Learn how you can become a Python programmer in just 12 weeks.

    We respect your privacy. Unsubscribe at anytime.

    A Simple 7 Step Guide to Implement a Prediction Model to Filter Tweets Based on Dataset Interactively Read from Twitter

    What will we learn in this tutorial

    • How Machine Learning works and predicts.
    • What you need to install to implement your Prediction Model in Python
    • A simple way to implement a Prediction Model in Python with persistence
    • How to simplify the connection to the Twitter API using tweepy
    • Collect the training dataset from twitter interactively in a Python program
    • Use the persistent model to predict the tweets you like

    Step 1: Quick introduction to Machine Learning

    Machine Learning: Input to Learner is Features X (data set) with Targets Y. The Learner outputs a Model, which can predict (Y) future inputs (X).
    Machine Learning: Input to Learner is Features X (data set) with Targets Y. The Learner outputs a Model, which can predict (Y) future inputs (X).
    • The Leaner (or Machine Learning Algorithm) is the program that creates a machine learning model from the input data.
    • The Features X is the dataset used by the Learner to generate the Model.
    • The Target Y contains the categories for each data item in the Feature X dataset.
    • The Model takes new inputs X (similar to those in Features) and predicts a target Y, from the categories in Target Y.

    We will implement a simple model, that can predict Twitter feeds into two categories: allow and refuse.

    Step 2: Install sklearn library (skip if you already have it)

    The Python code will be using the sklearn library.

    You can install it, simply write the following in the command line (also see here).

    pip install scikit-learn
    

    Alternatively, you might want to install it locally in your user space.

    pip install scikit-learn --user
    

    Step 3: Create a simple Prediction Model in Python to Train and Predict on tweets

    The implementation accomplishes the the machine learning model in a class.
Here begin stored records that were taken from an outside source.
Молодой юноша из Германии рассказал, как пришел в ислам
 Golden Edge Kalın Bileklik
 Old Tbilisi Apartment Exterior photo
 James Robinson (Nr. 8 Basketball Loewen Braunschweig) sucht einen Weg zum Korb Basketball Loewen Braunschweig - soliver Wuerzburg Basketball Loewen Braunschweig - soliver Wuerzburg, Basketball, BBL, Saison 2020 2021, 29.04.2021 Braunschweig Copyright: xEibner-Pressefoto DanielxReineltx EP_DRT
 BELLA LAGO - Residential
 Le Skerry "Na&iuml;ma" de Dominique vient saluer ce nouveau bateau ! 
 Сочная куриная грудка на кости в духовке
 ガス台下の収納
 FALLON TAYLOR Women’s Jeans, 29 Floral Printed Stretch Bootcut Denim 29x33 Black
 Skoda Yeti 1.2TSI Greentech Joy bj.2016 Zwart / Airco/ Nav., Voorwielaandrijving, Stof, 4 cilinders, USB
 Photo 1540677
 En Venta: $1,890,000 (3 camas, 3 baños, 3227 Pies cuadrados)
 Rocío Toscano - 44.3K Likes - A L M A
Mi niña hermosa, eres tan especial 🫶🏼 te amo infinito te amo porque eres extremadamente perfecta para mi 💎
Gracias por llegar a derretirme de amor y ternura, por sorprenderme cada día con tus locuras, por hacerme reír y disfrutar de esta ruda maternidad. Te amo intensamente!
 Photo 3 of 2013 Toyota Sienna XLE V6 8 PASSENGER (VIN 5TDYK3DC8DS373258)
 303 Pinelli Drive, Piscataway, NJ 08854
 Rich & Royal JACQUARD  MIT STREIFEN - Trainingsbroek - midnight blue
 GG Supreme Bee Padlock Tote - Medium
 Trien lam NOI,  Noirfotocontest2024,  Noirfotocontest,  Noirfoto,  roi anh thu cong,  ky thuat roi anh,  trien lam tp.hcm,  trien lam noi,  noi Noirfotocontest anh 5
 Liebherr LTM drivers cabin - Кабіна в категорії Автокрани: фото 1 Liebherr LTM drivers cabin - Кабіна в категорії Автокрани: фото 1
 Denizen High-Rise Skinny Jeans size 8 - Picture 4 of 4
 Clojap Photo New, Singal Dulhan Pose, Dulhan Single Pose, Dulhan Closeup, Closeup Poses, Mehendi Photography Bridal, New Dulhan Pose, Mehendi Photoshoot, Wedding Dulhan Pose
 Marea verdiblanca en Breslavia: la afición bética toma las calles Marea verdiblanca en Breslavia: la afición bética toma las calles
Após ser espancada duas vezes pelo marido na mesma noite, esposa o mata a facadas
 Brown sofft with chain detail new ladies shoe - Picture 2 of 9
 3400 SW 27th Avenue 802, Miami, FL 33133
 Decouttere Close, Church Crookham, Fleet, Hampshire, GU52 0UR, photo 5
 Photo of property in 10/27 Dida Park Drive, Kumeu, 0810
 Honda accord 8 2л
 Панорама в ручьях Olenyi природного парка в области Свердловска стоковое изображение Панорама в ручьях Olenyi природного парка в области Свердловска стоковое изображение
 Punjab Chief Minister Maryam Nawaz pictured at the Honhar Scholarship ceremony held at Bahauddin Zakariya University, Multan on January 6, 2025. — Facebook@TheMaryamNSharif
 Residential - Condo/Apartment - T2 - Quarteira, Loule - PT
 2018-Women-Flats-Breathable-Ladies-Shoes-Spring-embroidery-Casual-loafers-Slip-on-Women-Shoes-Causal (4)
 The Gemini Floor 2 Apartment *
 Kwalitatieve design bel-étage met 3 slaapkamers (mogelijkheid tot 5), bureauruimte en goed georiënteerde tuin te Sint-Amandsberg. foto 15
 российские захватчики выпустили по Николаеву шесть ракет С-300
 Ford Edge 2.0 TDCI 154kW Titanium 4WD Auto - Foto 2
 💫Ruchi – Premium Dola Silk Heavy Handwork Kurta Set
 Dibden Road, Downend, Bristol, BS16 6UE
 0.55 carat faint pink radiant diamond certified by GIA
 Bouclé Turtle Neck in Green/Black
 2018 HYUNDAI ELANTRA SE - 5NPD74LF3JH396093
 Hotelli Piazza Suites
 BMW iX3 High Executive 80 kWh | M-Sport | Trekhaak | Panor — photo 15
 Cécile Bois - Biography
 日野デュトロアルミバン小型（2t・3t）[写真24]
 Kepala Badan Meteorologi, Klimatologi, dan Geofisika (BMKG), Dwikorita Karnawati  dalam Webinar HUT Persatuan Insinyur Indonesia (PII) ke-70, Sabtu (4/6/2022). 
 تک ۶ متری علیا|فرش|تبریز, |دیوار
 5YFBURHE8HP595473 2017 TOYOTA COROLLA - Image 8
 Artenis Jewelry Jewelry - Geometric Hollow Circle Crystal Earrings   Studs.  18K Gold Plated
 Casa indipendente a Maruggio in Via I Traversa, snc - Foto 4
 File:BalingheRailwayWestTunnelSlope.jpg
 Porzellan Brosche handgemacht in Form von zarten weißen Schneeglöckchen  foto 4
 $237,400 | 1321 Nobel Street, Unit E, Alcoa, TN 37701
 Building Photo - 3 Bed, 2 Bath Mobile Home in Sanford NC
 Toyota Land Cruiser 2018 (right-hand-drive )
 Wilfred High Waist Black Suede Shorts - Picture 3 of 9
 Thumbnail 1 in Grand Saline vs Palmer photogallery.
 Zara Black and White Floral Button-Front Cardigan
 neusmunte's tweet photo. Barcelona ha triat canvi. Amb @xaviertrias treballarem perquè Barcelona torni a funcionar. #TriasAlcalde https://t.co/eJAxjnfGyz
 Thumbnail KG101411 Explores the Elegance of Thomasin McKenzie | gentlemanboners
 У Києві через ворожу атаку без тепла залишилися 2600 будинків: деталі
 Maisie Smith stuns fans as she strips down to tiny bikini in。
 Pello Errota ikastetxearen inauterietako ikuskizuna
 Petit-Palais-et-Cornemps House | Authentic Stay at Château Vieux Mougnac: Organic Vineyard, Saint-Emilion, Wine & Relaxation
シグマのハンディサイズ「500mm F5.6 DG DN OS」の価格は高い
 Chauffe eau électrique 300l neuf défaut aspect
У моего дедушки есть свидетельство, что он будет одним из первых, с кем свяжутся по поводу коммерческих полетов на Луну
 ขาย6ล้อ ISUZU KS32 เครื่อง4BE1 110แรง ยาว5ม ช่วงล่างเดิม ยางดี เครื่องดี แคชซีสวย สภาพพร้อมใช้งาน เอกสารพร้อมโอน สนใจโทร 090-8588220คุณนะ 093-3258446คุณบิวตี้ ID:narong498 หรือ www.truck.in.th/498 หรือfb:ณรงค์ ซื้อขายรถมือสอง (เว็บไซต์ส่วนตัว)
The class has the following features.

    • create_dataset: It creates a dataset by taking a list of data that are representing allow, and a list of data that represent the reject. The dataset is divided into features and targets
    • train_dataset: When your dataset is loaded it should be trained to create the model, consisting of the predictor (transfer and estimator)
    • predict: Is called after the model is trained. It can predict an input if it is in the allow category.
    • persist: Is called to save the model for later use, such that we do not need to collect data and train it again. It should only be called after dataset has been created and the model has been train (after create_dataset and train_dataset)
    • load: This will load a saved model and be ready to predict new input.
    from sklearn.feature_extraction.text import TfidfVectorizer
    from sklearn.naive_bayes import MultinomialNB
    from sklearn.model_selection import train_test_split
    import joblib
    
    class PredictionModel:
        def __init__(self):
            self.predictor = {}
            self.dataset = {'features': [], 'targets': []}
            self.allow_id = 0
            self.reject_id = 1
        def create_dataset(self, allow_data, reject_data):
            features_y = allow_data + reject_data
            targets_x = [self.allow_id]*len(allow_data) + [self.reject_id]*len(reject_data)
            self.dataset = {'features': features_y, 'targets': targets_x}
        def train_dataset(self):
            x_train, x_test, y_train, y_test = train_test_split(self.dataset['features'], self.dataset['targets'])
            transfer = TfidfVectorizer()
            x_train = transfer.fit_transform(x_train)
            x_test = transfer.transform(x_test)
            estimator = MultinomialNB()
            estimator.fit(x_train, y_train)
            score = estimator.score(x_test, y_test)
            self.predictor = {'transfer': transfer, 'estimator': estimator}
        def predict(self, text):
            sentence_x = self.predictor['transfer'].transform([text])
            y_predict = self.predictor['estimator'].predict(sentence_x)
            return y_predict[0] == self.allow_id
        def persist(self, output_name):
            joblib.dump(self.predictor['transfer'], output_name+".transfer")
            joblib.dump(self.predictor['estimator'], output_name+".estimator")
        def load(self, input_name):
            self.predictor['transfer'] = joblib.load(input_name+'.transfer')
            self.predictor['estimator'] = joblib.load(input_name+'.estimator')
    

    Step 4: Get a Twitter API access

    Go to https://developer.twitter.com/en and get your consumer_key, consumer_secret, access_token, and access_token_secret.

    api_key = {
        'consumer_key': "",
        'consumer_secret': "",
        'access_token': "",
        'access_token_secret': ""
    }
    

    Also see here for a deeper tutorial on how to get them if in doubt.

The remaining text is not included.